Since it's neither specific to linux-hardened or Arch Linux, it needs to be reported and fixed upstream. I'd be willing to backport an upstream fix for it but otherwise it's not something that I'll be working on.
Can let me know when there's an upstream fix and I'll apply it.
Tuesday, 11 July 2017, 20:01 GMT
Reason for closing: Upstream
Additional comments about closing: This has been narrowed down as an upstream issue reproducible with CONFIG_SLUB_DEBUG_ON=y or passing the equivalent slub_debug=FZPU on the kernel line.

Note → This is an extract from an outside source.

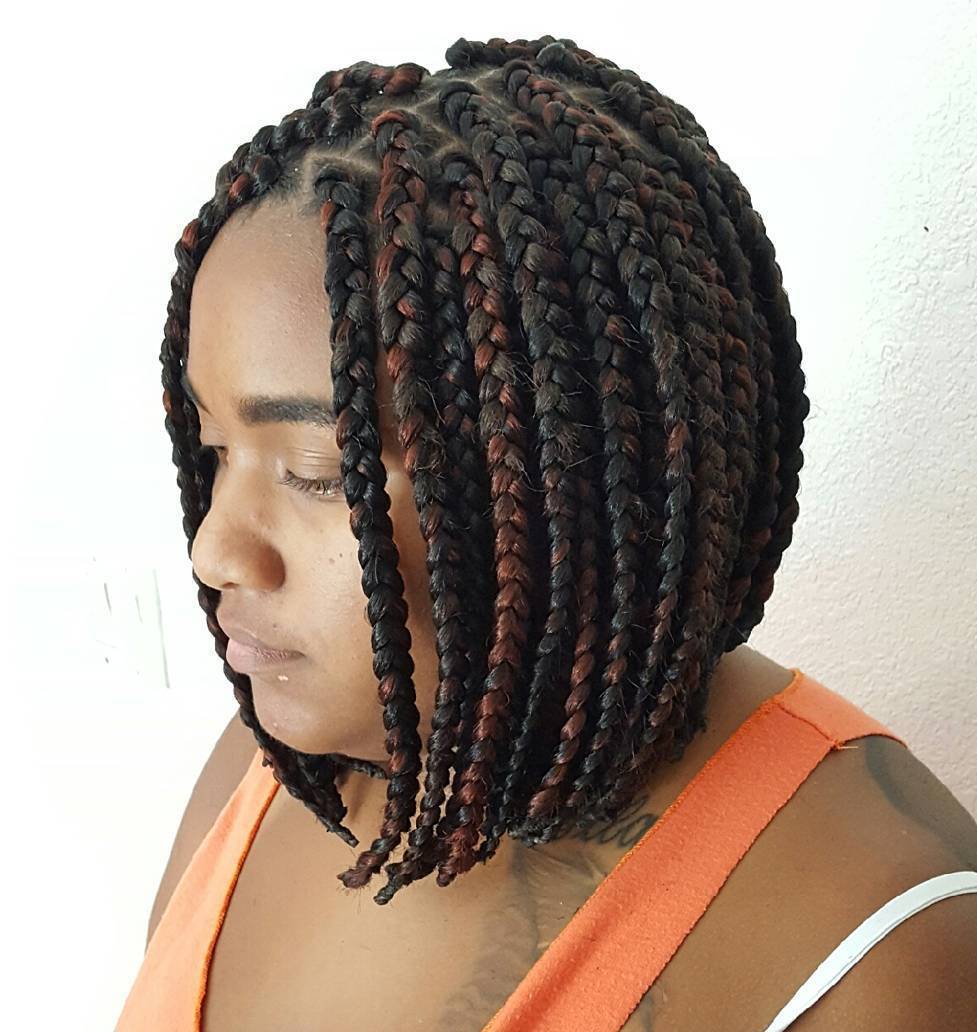 Box Braids Bob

Since it's neither specific to linux-hardened or Arch Linux, it needs to be reported and fixed upstream. I'd be willing to backport an upstream fix for it but otherwise it's not something that I'll be working on.
Can let me know when there's an upstream fix and I'll apply it.

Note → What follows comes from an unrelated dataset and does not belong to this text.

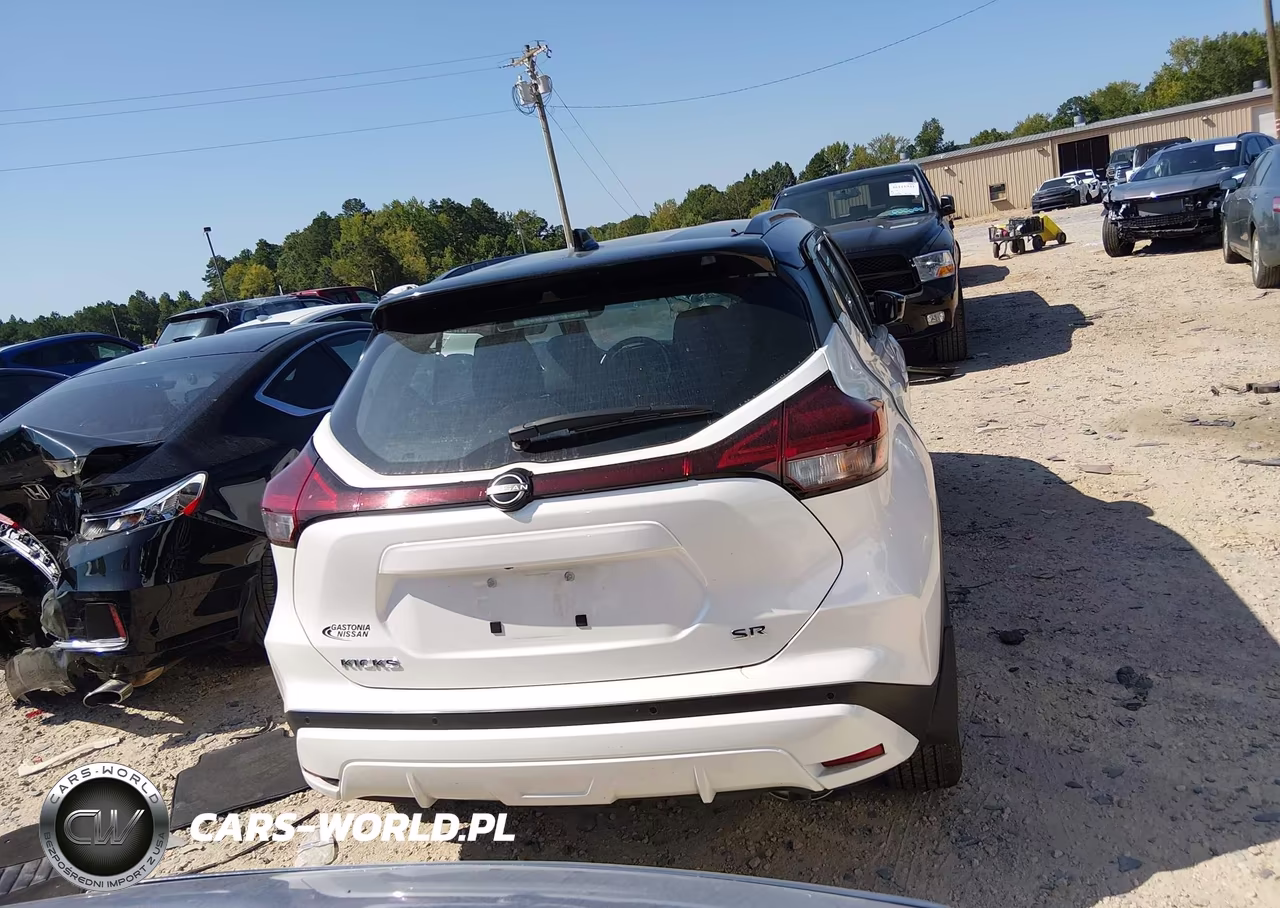 2024 Nissan Kicks Sr Xtronic Cvt VIN:3N1CP5DV2RL501891 - 16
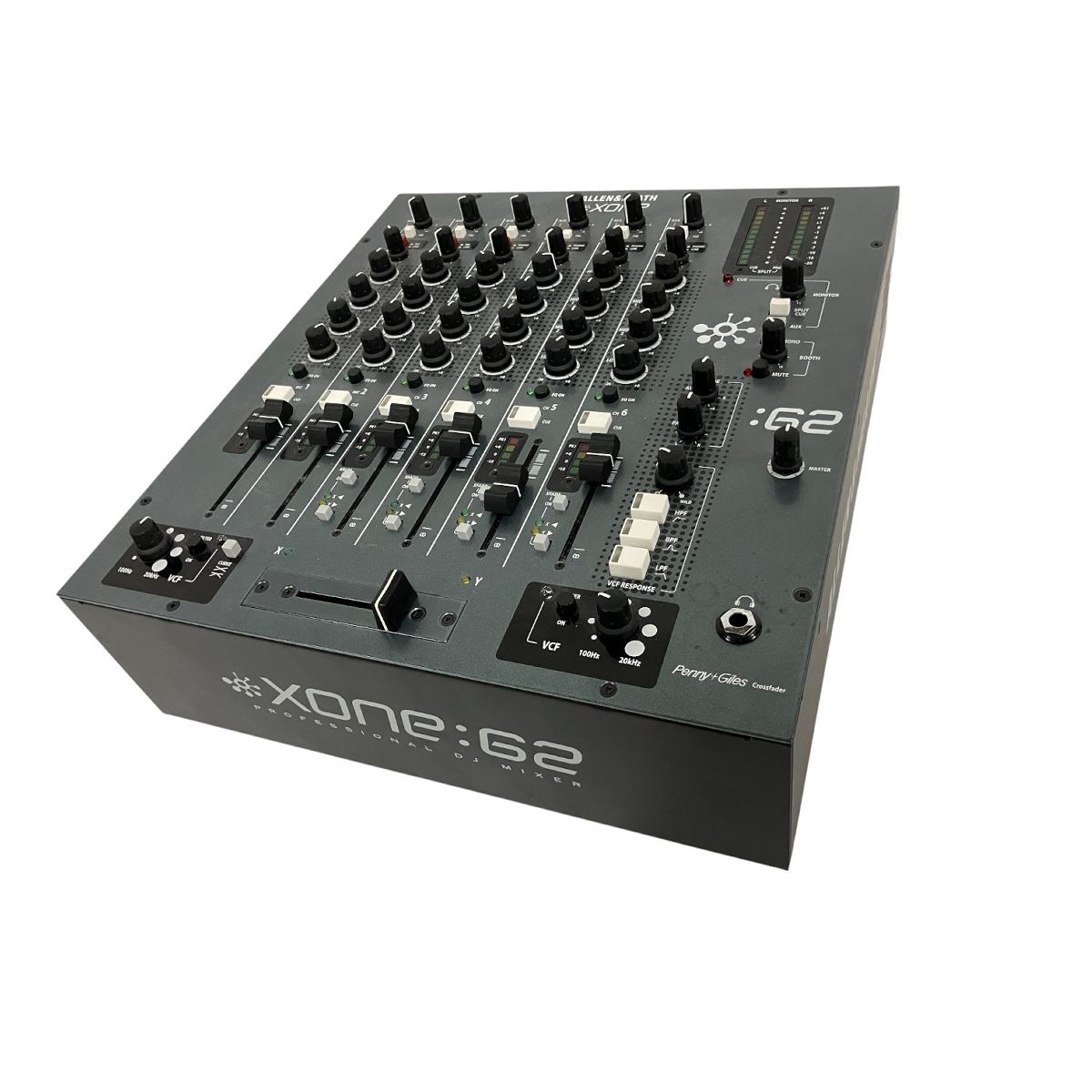 ALLEN-HEATH DJ ミキサー XONE 62 アレンアンドヒース 音響機材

Further, I have an encrypted ext4 partition, as well as encrypted xfs... Only the encrypted xfs have the failure, all other partitions (non-encrypted) mount fine...
Have just upgraded, another system (on same machine), and problem occurs, as above, with same conditions
4.12.0-1-ARCH
$ cd /tmp/
$ dd if=/dev/zero of=disk.img bs=1M count=256
256+0 records in
256+0 records out
268435456 bytes (268 MB, 256 MiB) copied, 0.056453 s, 4.8 GB/s
$ sudo losetup /dev/loop0 disk.img
$ sudo cryptsetup -y -c aes -s 256 create home-aes /dev/loop0
Enter passphrase:
Verify passphrase:
$ sudo mkfs.xfs /dev/mapper/home-aes
meta-data=/dev/mapper/home-aes isize=512 agcount=4, agsize=16384 blks
= sectsz=512 attr=2, projid32bit=1
= crc=1 finobt=1, sparse=0, rmapbt=0, reflink=0
data = bsize=4096 blocks=65536, imaxpct=25
= sunit=0 swidth=0 blks
naming =version 2 bsize=4096 ascii-ci=0 ftype=1
log =internal log bsize=4096 blocks=855, version=2
= sectsz=512 sunit=0 blks, lazy-count=1
realtime =none extsz=4096 blocks=0, rtextents=0
$ sudo mount -t xfs -o discard,noatime /dev/mapper/home-aes /mnt
$ sudo umount /mnt
$ sudo cryptsetup close home-aes
$ sudo cryptsetup open /dev/loop0 home-aes -c aes -s 256 --type plain
Enter passphrase:
$ sudo mount -t xfs -o discard,noatime /dev/mapper/home-aes /mnt
This is using 4.12 from mainline with arch's 4.11 config plus all default selections on new options on x86_64
Possibly an issue caused by a linux-hardened specific change.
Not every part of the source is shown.